Nikita Sergeyevich Khrushchev was born in 1894 into a poor family near Kursk in south-western Russia. He received very little formal education. He joined the Bolshevik Party in 1918 and served in the Red Army during the Russian Civil War.

In 1929, Khrushchev moved to Moscow to attend the Stalin Industrial Academy. In 1931, he began to work full-time for the Communist Party, rising through its ranks to become first secretary of the Moscow City Party Committee in 1938. The following year he became a member of the Politburo, the highest decision-making body of the Communist Party. During World War Two, Khrushchev worked as a political commissar in the army.

Stalin died in March 1953. Khrushchev became leader of the party shortly afterwards, but it took him several years to consolidate his position. In February 1956, he made a secret speech to the 20th Party Congress, denouncing Stalin. It caused a sensation in the Communist Party and in the West, although Khrushchev failed to mention his own role in the Stalinist terror.

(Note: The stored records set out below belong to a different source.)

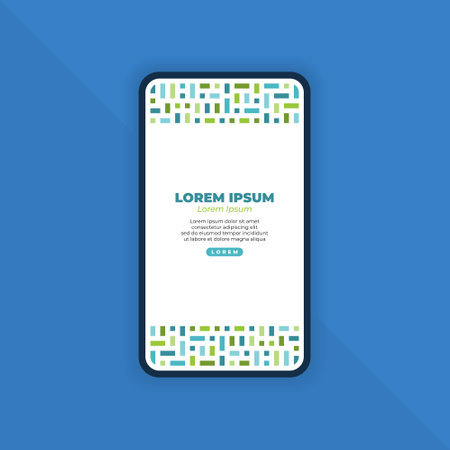 Mobile phone screen with abstract geometric pattern. Vector illustration for your design. Abstract Geometric Background for Mobile Landing Pageのイラスト素材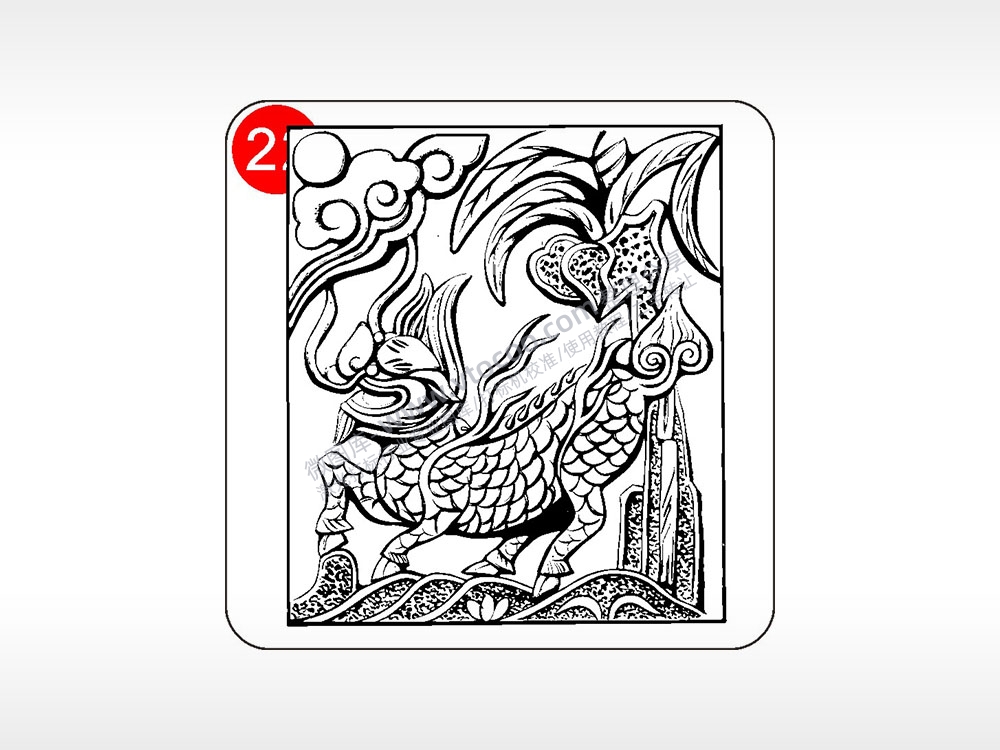 吉祥平安麒麟貔貅神兽图腾AI8.0格式激光打标文件通用矢量图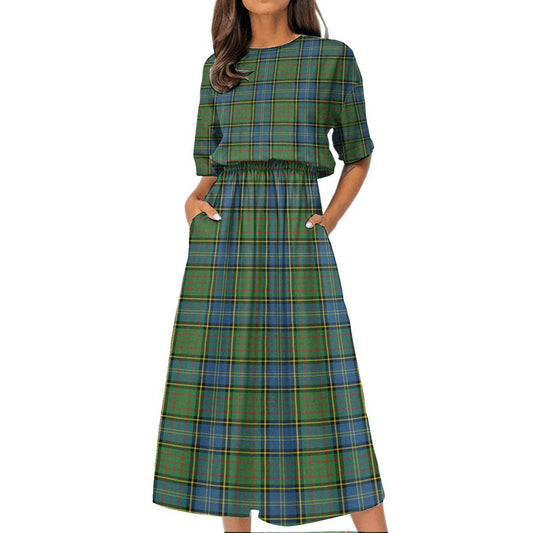 MacMillan Hunting Ancient Tartan Plaid Women's Elastic Waist Dress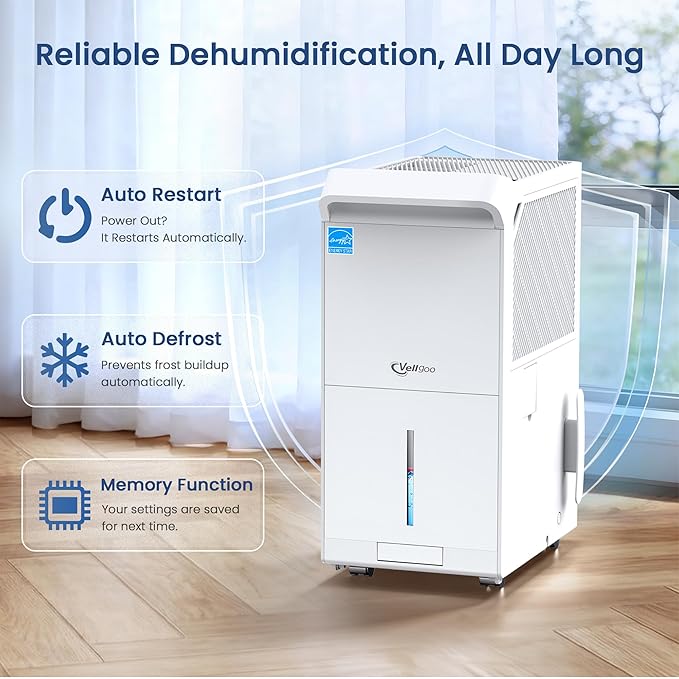 6, 000 Sq.Ft Most Efficient Energy Star 2025 Dehumidifier, Vellgoo Max 140 - Image 6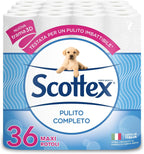 Scottex Clean Complete Hygienic Paper, Pack of 36 Maxi Rolls - 3620 Gr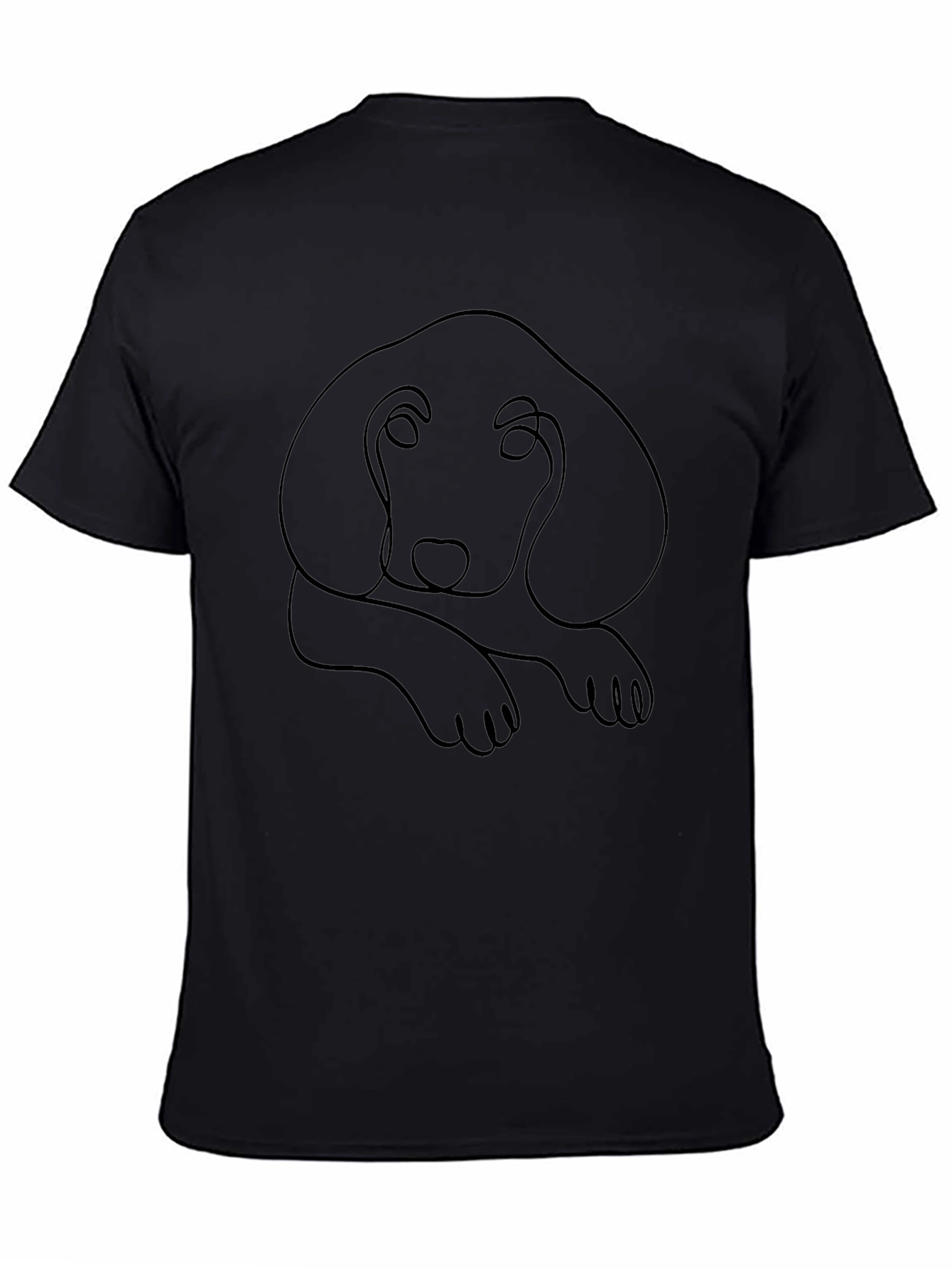 Minimalist Dog Line Art Black T-Shirt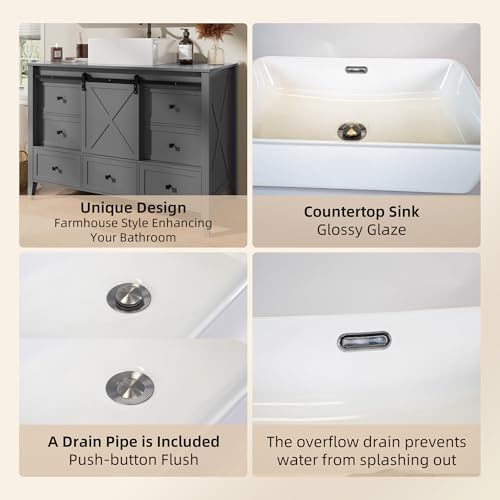 image for VNN Bathroom Vanity with Sink - 48 Inch Bathroom Vanity with Sink Cera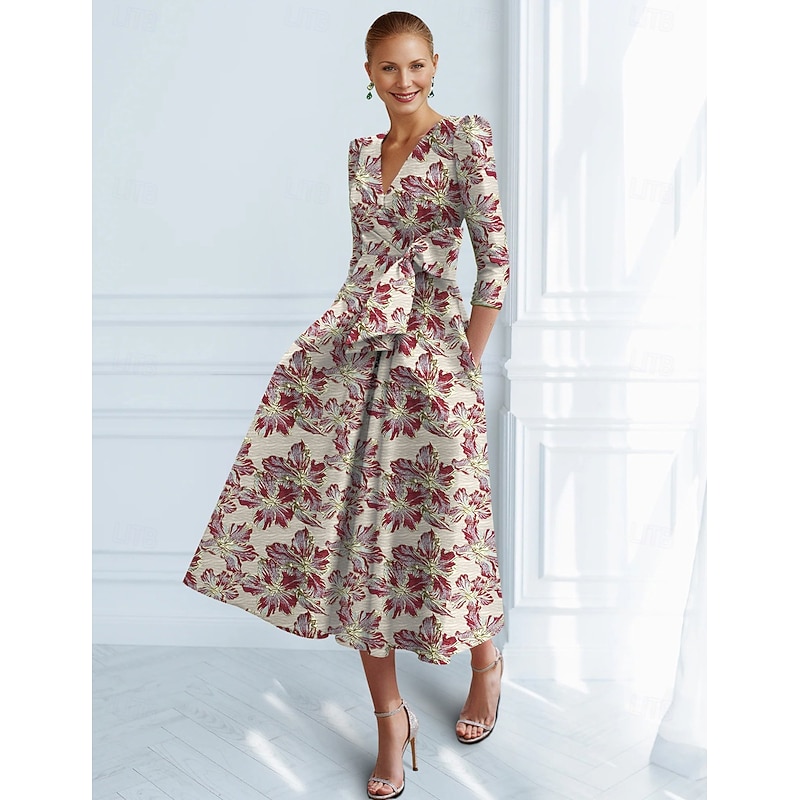 Jacquard Brocade Floral A-Line Cocktail Dresses Elegant Dress Formal Wedding Ankle Length Short Sleeve V Neck Nylon with Bow(s) Pocket Wedding Guest Dress3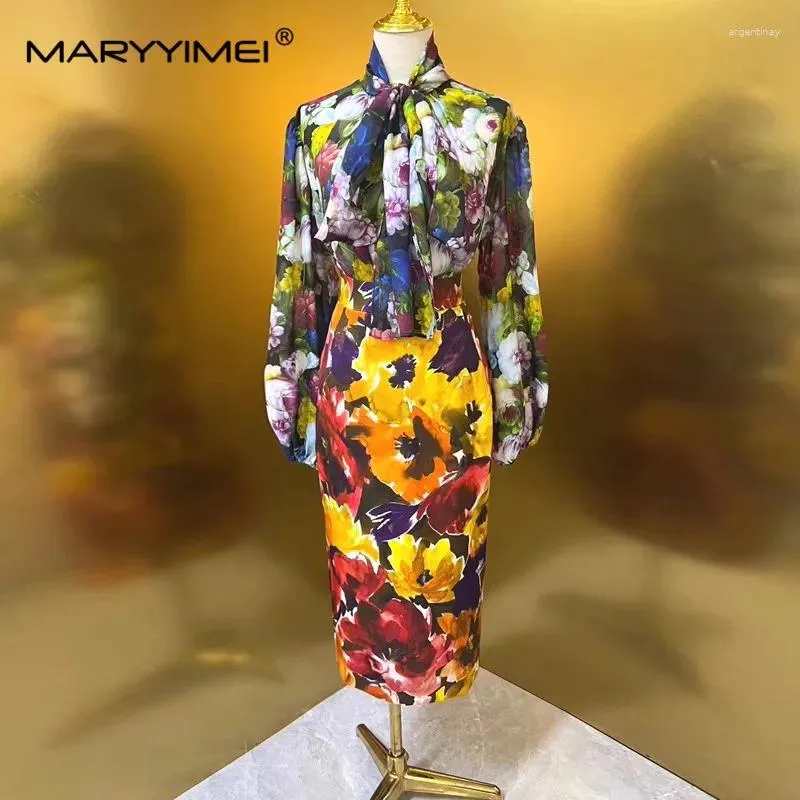 Sukienki robocze Maryyimei Fashion Runway Projektantka Kobieta w 2024 sprężynowy szalik z nadrukiem jedwabny shir split biodro spódnica 2-częściowy zestaw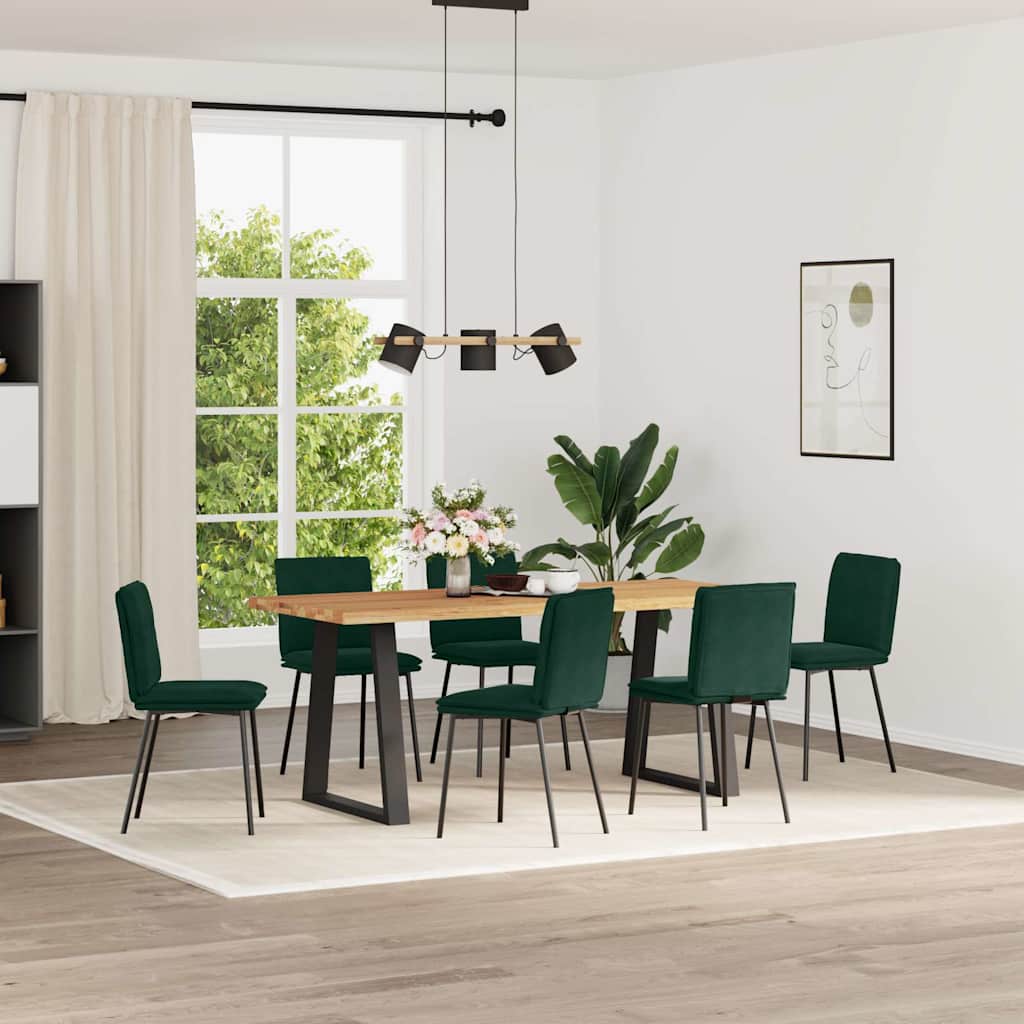 Eetkamerstoelen 6 st fluweel donkergroen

The speech initiated a campaign of 'de-Stalinisation'. Khrushchev also attempted to improve Soviet living standards and allow greater freedom in cultural and intellectual life. In the mid-1950s, he launched his 'Virgin Lands' campaign to encourage farming on previously uncultivated land in the Kazakh Republic (Kazakhstan). He invested in the Soviet space programme, resulting in the 1957 flight of Sputnik I, the first spacecraft to orbit the earth.

In relations with the West, Khrushchev's period in office was marked by a series of crises - the shooting down of an American U2 spy-plane over the Soviet Union in 1960, the building of the Berlin Wall in 1961 and, most significantly, the Cuban Missile Crisis in 1962, which brought the world to the brink of nuclear war. Despite this, Khrushchev also attempted to pursue a policy of co-existence with the West. This change in doctrine, together with Khrushchev's rejection of Stalinism, led to a split with Communist China in 1960.

Significantly, Khrushchev was not prepared to loosen the grip of the Soviet Union on its satellite states in Eastern Europe and, in 1956, an uprising in Hungary against Communist rule was brutally suppressed.

By 1964, Khrushchev had alienated much of the Soviet elite and was forced to retire by opponents led by Leonid Brezhnev. Khrushchev died on 11 September 1971 in Moscow.
 
Wasn't it during UN grilling over the Hungarian repression that he historically pounded his shoe on the desk?